Rick Scott, a Republican running for governor, is scurrying across Florida touting a new economic plan to create 700,000 jobs in seven years.
The plan relies heavily on cutting government spending, eliminating state regulation, reducing property taxes for homeowners and phasing out the state's business income tax. (See it here.)
"I am the only candidate in this race with a comprehensive plan that will get our fiscal house in order, balance the budget and create long-term, good-paying jobs," Scott says introducing the plan, which is sometimes called the "7-7-7" plan. "My 7-step plan isn't complex. In fact, it's very simple. And it's common sense.
"I've created jobs in the private sector. As governor, my 7-step plan will create 700,000 in 7 years."
PolitiFact Florida steers clear of trying to fact-check opinions -- so we won't in this item analyze Scott's claim that he is the only candidate running for governor with a comprehensive fiscal plan. Scott's primary opponent, Bill McCollum, does have an economic plan, for the record, and so does Democrat Alex Sink.
We also avoid checking things in the future we can't know -- so no weighing in on Scott's 700,000 jobs promise.
But we can get our fact-checking hands around a more basic question: Does Scott's plan -- however it was crafted and however logical or illogical it may be -- actually call for the creation of 700,000 jobs in seven years?
It's a point worth knowing, particularly when McCollum says his plan will add 500,000 jobs, or 200,000 less than Scott. (To be fair, we plan to look at McCollum's numbers in a subsequent report).
The glossy printed version of the plan that's displayed on Scott's campaign website and has been handed out across the state breaks down job growth by: if the state adopts Scott's regulatory reforms; if the state phases out the income tax on businesses; and if the state better focuses on job growth and retention. Let's take one at a time.

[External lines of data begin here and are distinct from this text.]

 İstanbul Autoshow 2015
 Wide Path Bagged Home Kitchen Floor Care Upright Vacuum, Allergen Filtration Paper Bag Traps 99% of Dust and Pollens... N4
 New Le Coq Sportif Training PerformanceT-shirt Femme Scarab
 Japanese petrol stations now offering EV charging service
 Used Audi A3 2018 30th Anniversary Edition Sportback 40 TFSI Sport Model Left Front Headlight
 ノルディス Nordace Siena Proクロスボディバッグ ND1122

Scott's plan includes a freeze on new regulation, a promise to expedite permits for job-creating businesses, working to move Florida's health insurance costs in line with the national average, and somehow shaving electricity costs by $3.25 billion. Reducing those barriers will create 240,000 new jobs, Scott says.

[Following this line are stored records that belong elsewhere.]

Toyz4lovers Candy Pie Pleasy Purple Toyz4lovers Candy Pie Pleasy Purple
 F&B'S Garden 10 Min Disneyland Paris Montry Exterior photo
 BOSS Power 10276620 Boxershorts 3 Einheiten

Phasing out corporate income tax
Scott says eliminating the corporate income tax "will have a minimal effect on state revenues." But the state collected almost $1.8 billion in fiscal year 2009-2010 through the corporate tax, which was about 2.7 percent of the $66.5 billion state budget in 2009-2010. Combined with other tax and spending reforms, Scott says the elimination of the corporate income tax will create 365,000 new jobs.
Focusing on job growth and retention
Scott's plan is to invest in a state Innovation Fund to help attract high-tech businesses. He also says he'll take a more hands-on role in bringing new business to Florida. The result? Another 60,000 jobs.
That's 240,000 regulatory reform new jobs + 365,000 tax and budget cut new jobs + 60,000 new jobs through state incentives and a persistent new governor = 665,000 jobs.
A group of reporters, including the Palm Beach Post's Mike Bender, asked Scott about the discrepancy on July 25, 2010, as Scott was in the middle of a six-day statewide bus tour.
"It's just rounding," Scott said. Bender reported that a more detailed version of the plan puts the jobs number lower, at 661,914.
Donna Arduin, who helped draft the economic plan and is Jeb Bush's former budget director, noted to reporters that the job growth estimates are conservative.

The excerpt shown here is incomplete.